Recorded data
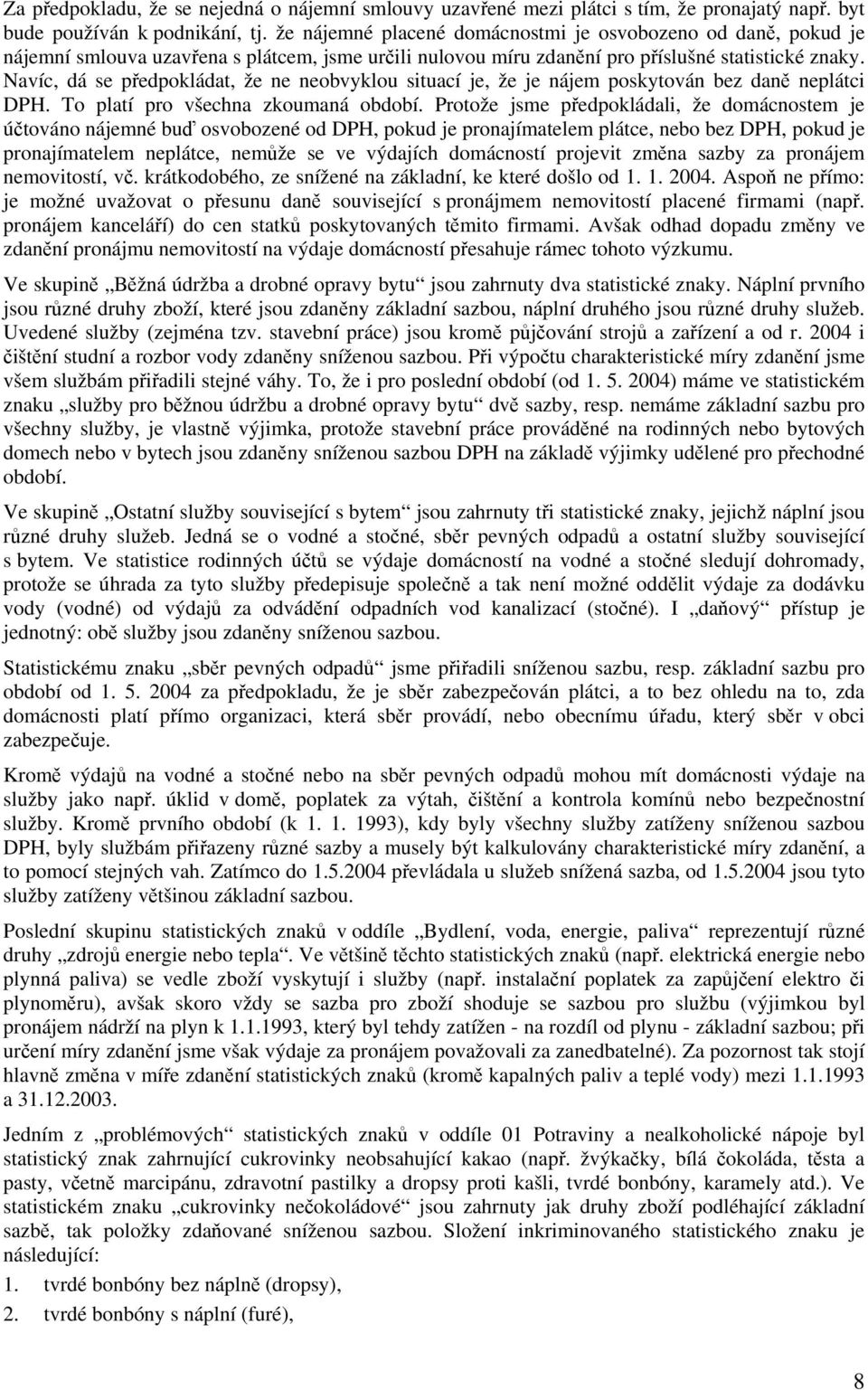 Navíc, dá se předpokládat, že ne neobvyklou situací je, že je nájem poskytován bez daně neplátci DPH. To platí pro všechna zkoumaná období.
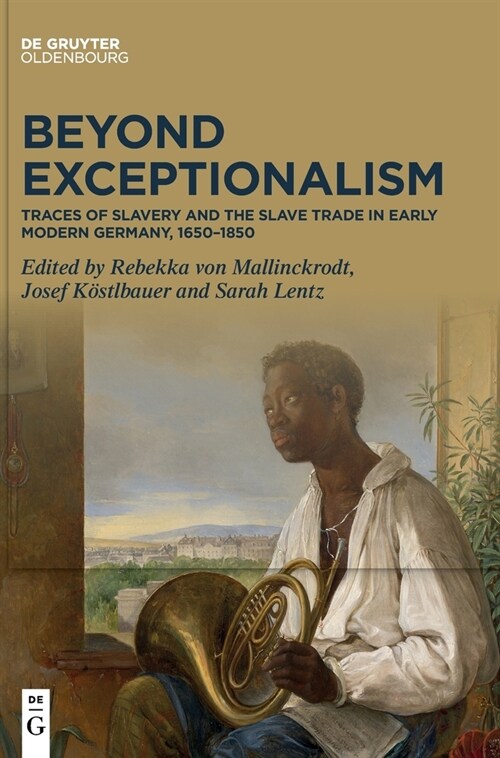 Beyond Exceptionalism: Traces of Slavery and the Slave Trade in Early Modern Germany, 1650-1850 (Hardcover)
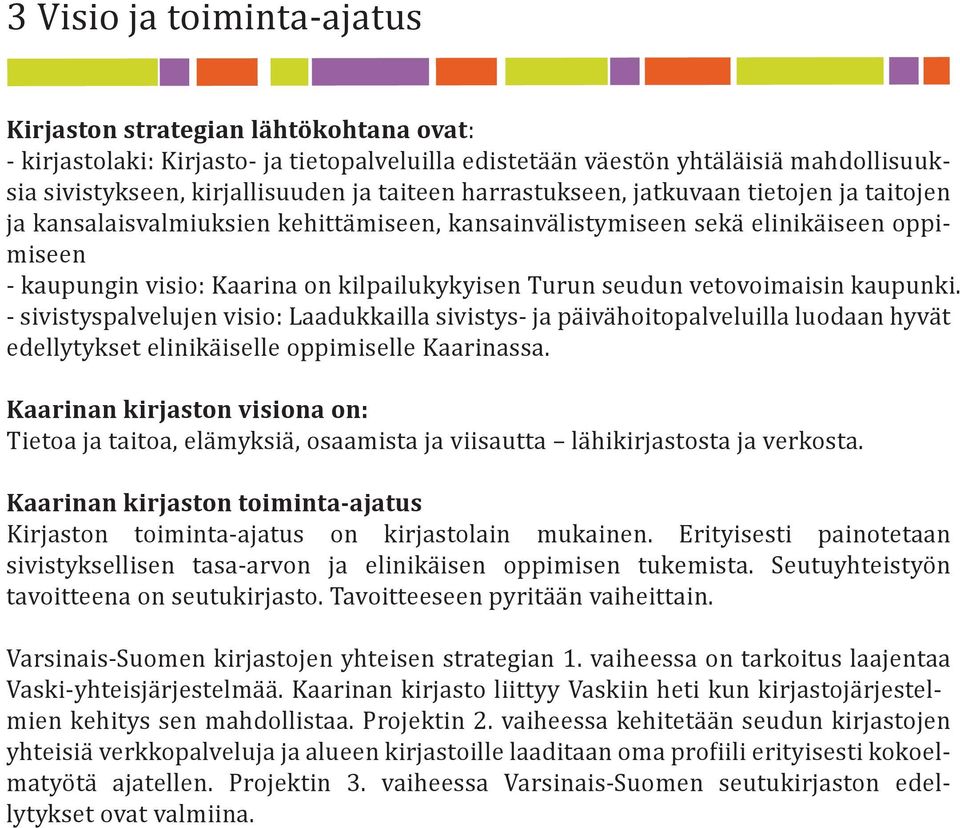vetovoimaisin kaupunki. - sivistyspalvelujen visio: Laadukkailla sivistys- ja päivähoitopalveluilla luodaan hyvät edellytykset elinikäiselle oppimiselle Kaarinassa.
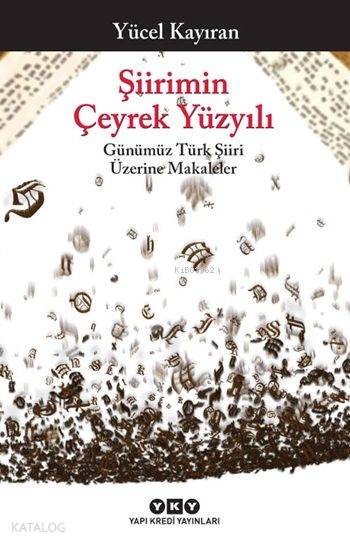  Şiirimin Çeyrek Yüzyılı Günümüz Türk Şiiri Üzerine Makaleler | Yücel Kayıran | Ömer Şişman | Yapı Kredi Yayınları ( YKY ) | 9789750836435 | 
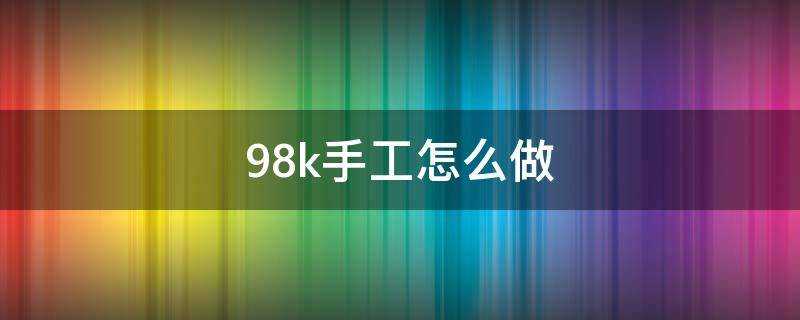 98k手工怎么做 手工98k的做法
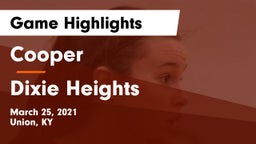 Cooper  vs Dixie Heights  Game Highlights - March 25, 2021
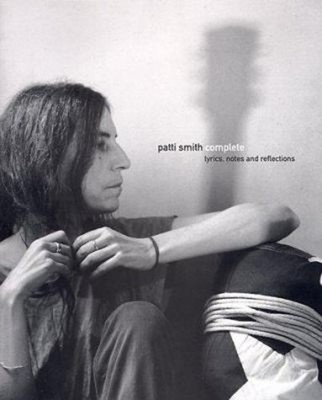 Patti Smith Complete : Lyrics, Reflections and Notes for the Futu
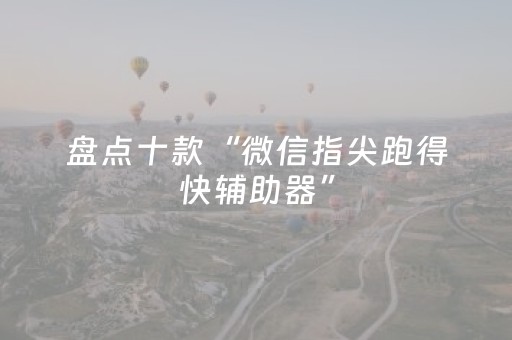 盘点十款“微信指尖跑得快辅助器”（辅助器通用版)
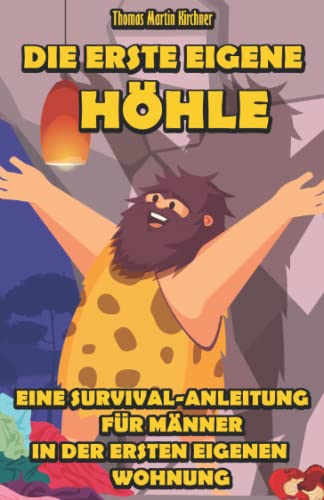 Die erste eigene Höhle: Eine Survival-Anleitung für Männer in der ersten eigenen Wohnung von Independently published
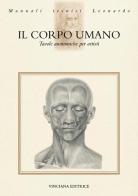 Il corpo umano. Tavole anatomiche per artisti edito da Vinciana Editrice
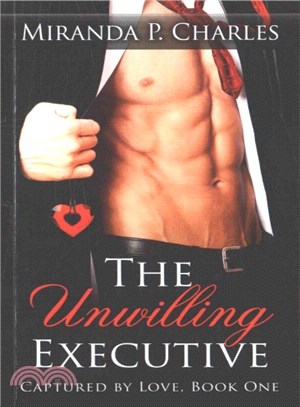 The Unwilling Executive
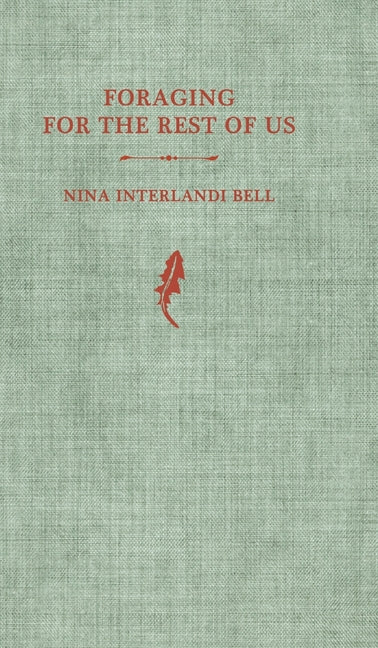 Foraging for the Rest of Us: A Pre-field Guide by Bell, Nina Interlandi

▶ Problem requirements:
Output exactly the lines from the first line of the records through the line containing "Beyond Exceptionalism: Traces". Leave out every picture.

▶ Exercise result:
 Navíc, dá se předpokládat, že ne neobvyklou situací je, že je nájem poskytován bez daně neplátci DPH. To platí pro všechna zkoumaná období.
 Beyond Exceptionalism: Traces of Slavery and the Slave Trade in Early Modern Germany, 1650-1850 (Hardcover)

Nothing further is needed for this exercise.